- Member group of Vote for Change, which is comprised of musicians that held anti-Bush concerts in key “battleground” states
- Uses its media platform to promote hard-left ideology, broadcasting Marxist messages read by Noam Chomsky at its concerts
Pearl Jam is a rock music band and a member of Vote for Change, a coalition of musicians that held October 2004 concerts in election “battleground” states to proselytize and raise money for the group America Coming Together (ACT) to defeat President George W. Bush in the November election.

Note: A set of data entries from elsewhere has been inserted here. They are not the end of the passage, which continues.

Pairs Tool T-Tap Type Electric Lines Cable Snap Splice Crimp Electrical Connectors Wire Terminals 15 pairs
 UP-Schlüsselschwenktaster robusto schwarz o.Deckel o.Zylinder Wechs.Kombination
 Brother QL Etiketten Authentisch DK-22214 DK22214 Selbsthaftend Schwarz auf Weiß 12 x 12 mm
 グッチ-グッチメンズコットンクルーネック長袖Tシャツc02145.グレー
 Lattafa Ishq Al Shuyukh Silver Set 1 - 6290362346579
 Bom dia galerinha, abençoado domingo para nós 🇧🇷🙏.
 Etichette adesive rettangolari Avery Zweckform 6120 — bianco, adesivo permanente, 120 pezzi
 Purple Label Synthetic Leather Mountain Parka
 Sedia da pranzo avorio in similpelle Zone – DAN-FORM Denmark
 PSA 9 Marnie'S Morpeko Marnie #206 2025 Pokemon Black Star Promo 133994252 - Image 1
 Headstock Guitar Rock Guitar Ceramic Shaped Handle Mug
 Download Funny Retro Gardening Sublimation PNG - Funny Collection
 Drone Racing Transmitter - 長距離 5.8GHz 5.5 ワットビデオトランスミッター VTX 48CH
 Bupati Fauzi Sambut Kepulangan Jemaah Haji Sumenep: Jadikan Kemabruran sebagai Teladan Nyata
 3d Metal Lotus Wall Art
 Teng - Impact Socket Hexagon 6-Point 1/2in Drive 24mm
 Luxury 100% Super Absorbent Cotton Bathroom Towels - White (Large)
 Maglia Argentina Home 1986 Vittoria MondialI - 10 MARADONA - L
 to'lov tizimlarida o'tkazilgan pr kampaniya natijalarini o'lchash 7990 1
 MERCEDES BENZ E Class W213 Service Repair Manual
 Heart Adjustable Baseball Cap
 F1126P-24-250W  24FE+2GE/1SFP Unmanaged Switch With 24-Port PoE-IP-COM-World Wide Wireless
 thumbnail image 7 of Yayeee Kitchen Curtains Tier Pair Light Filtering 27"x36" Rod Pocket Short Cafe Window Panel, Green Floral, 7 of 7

The Seattle-based band made its national debut in 1991 with the heavy-rock album Ten on the Epic (which later became the Sony Music Entertainment, Inc.) label, the first of at least eight studio albums it would produce by 2002. Pearl Jam also released more than 70 albums of live concert performances from 1995 through 2001, as well as dozens of singles.
One of Pearl Jam’s best-known videos (and songs) is “Jeremy,” which gives an empathetic view of a troubled student who, at the video’s conclusion, commits lethal violence involving his classmates and teacher; the video ends on images of their blood-soaked bodies. Lead singer and lyricist Eddie Vedder has said this song was inspired by the 1991 classroom suicide of a Richardson, Texas high-school student named Jeremy who used a handgun to shoot himself in the head and splatter his blood on his teacher and classmates. The video is ambiguous, however, and in a 1997 Washington court case was described as paralleling the life of a teenager who killed three people in 1996. Critics have said that this video sympathetically depicts lethal violence.
One feature of past Pearl Jam tours has been an illegal 75-watt “pirate” radio station set up to transmit at concert stops. This station broadcasts selections from the group’s albums. “In between cuts,” wrote journalist K. Lloyd Billingsley, “a male monotone voice oozing vulgar Marxism droned on about manipulation of the media, the evils of corporations, and the sins of America generally. The recorded voice belonged to Massachusetts Institute of Technology professor Noam Chomsky, the linguistic theorist and hard-core leftist whose career has bizarrely branched into the music business.”
Pearl Jam recently contributed its song “Down” for use in the film documentary Howard Zinn: You Can’t Be Neutral on a Moving Train, based on the views of Marxist historian Howard Zinn. The band’s website glorifies Zinn, filmmaker Michael Moore, the publication Z Magazine, the Air America Radio network, and many other websites and publications of the radical left.
Pearl Jam lead singer Eddie Vedder (born Edward Louis Seversen III in 1964 in Evanston, Illinois) supported Green Party candidate Ralph Nader in the 2000 presidential election. In 2004 Vedder supported Democratic candidate John F. Kerry. “Right now, it’s a different situation,” Vedder told the Los Angeles Times that year. “It’s hard to talk about remodeling the house when the basement is on fire” — a reference to the urgency of defeating George W. Bush, whose first term had allegedly done great harm to the United States. “This is the fourth presidential election which Pearl Jam has engaged in as a band,” said Vedder, “and we feel it’s the most important one of our lifetime.”
Vedder is one of the chief spokesmen for Vote for Change.